Bundle and save: An overlooked factor in the relationship between vocabulary size and listening comprehension

Native speakers of English are able to maximize listening and speaking fluency through heavy use of multiword units and lexical bundles. Through listening instruction that emphasizes these word groups, non-native speakers of English can benefit in the same way, even with a limited vocabulary.
Keywords: adult, college, secondary, listening, vocabulary

Does more vocabulary always equal greater fluency?
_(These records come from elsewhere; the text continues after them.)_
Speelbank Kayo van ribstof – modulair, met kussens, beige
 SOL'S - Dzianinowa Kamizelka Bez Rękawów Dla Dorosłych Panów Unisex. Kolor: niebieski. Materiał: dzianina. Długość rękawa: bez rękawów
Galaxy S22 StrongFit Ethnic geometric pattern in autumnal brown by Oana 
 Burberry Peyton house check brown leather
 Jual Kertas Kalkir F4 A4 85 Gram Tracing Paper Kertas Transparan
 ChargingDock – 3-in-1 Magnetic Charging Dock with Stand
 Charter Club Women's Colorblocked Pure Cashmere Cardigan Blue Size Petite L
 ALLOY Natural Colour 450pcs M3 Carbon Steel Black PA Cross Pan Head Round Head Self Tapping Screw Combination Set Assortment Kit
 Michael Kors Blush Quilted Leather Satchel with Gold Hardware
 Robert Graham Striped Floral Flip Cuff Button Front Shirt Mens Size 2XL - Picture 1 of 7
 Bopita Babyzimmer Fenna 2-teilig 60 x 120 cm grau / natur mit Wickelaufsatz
Language acquisition presents a host of challenges for the non-native speaker. One of the key challenges in this endeavor is the acquisition of vocabulary. Research has consistently shown that a learner’s vocabulary size is a primary factor in language proficiency. This has been demonstrated so regularly, in fact, that it has become axiomatic that vocabulary size strongly correlates with language proficiency. However, when we examine this claim more closely, we find that it is not necessarily the consistent case across the four primary skills of reading, writing, listening, and speaking. For example, Miralpeix and Muñoz (2018) note, “[Vocabulary] size is more closely connected to writing and reading than to speaking and listening” (p. 16). Li (2019) and Stæhr (2008) come to the same conclusion. For example, in a study involving English language learners in Denmark, Stæhr (2008) found a correlation of 0.83 between vocabulary size and reading scores, but a correlation of only 0.69 between vocabulary and listening scores. Why is it that a factor so strongly associated with proficiency in reading yields such muddled results with proficiency in listening? Miralpeix and Muñoz (2018) and Stæhr (2008) offer the possibility that it might be due to the relative scarcity of research available examining the correlation of vocabulary size and listening comprehension when compared with the abundance of research available examining the correlation of vocabulary size and reading comprehension. Another possibility suggested by these authors is that the form of testing being done by researchers tends to be biased toward the orthographic form of vocabulary rather than the aural form. As Miralpeix and Muñoz (2018) explain, “Interestingly, all these studies on listening comprehension abilities and vocabulary size use tests with written input: that is, students see words in the written form when tested on vocabulary. This may be due to the lack of tools to assess aural lexical recognition” (p. 5). However, the difference is more likely to derive from the very different processes involved with processing reading versus processing listening.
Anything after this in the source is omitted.